In the wake of the Iraq and Afghan War, the military’s leadership has had difficulty retaining junior officers, especially in a system incentivizing highly regimented career tracks. Speaking of senior officers’ regard for junior officers, Samet notes: “They praise their ‘sacrifices’ yet simultaneously think of them as cowboys who have had too much autonomy in Iraq and Afghanistan. … Used to operating beyond the reach of routine, these [junior] officers return to find their lives scripted down to the last detail, mired in layers of bureaucracy.”

So much as No Man’s Land expertly filters our last decade of war through the prism of literature, it is also does something more—it sounds a clarion call for institutional change in a period of great uncertainty. Samet doesn’t lay out any formulaic solutions in her book, merely a plea for creativity and intellectual flexibility in an organization known for neither. That such a message comes from a professor of literature at West Point seems reason enough for optimism, the Army has been smart enough to retain Elizabeth Samet.

As for retaining it’s most talented junior officers, the military has proved less successful. Many of the finest captains and majors I served alongside left the Marines to pursue more entrepreneurial careers—business, politics, the arts—embracing these endeavors with the ingenuity they once drew upon to fight complex insurgencies from isolated firebases. In the last five years, this hemorrhaging of talent prompted the military to offer financial incentives for junior officers to stay, often with mixed results. A greater incentive might have been to nurture in peacetime the same creativity these officers exhibited when searching out solutions to the intractable problems of the September 11 Wars.

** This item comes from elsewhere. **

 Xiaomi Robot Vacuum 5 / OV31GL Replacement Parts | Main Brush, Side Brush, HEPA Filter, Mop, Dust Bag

It remains unclear where the next decade’s solutions will come from, but Samet offers a suggestion: “I think we need to make time to hear what a plebe has to tell us. In doing that, and responding thoughtfully, we initiate the kinds of conversations about ambition, imagination, conformity, and dissent that might enable them to carry on in the no man’s land that awaits.” I imagine there are many, more conventional institutions than West Point, which would welcome a professor of literature with Samet’s gifts as a writer and as a teacher. But, like the well-respected captain I worked for those many years ago, I think I know why she stays.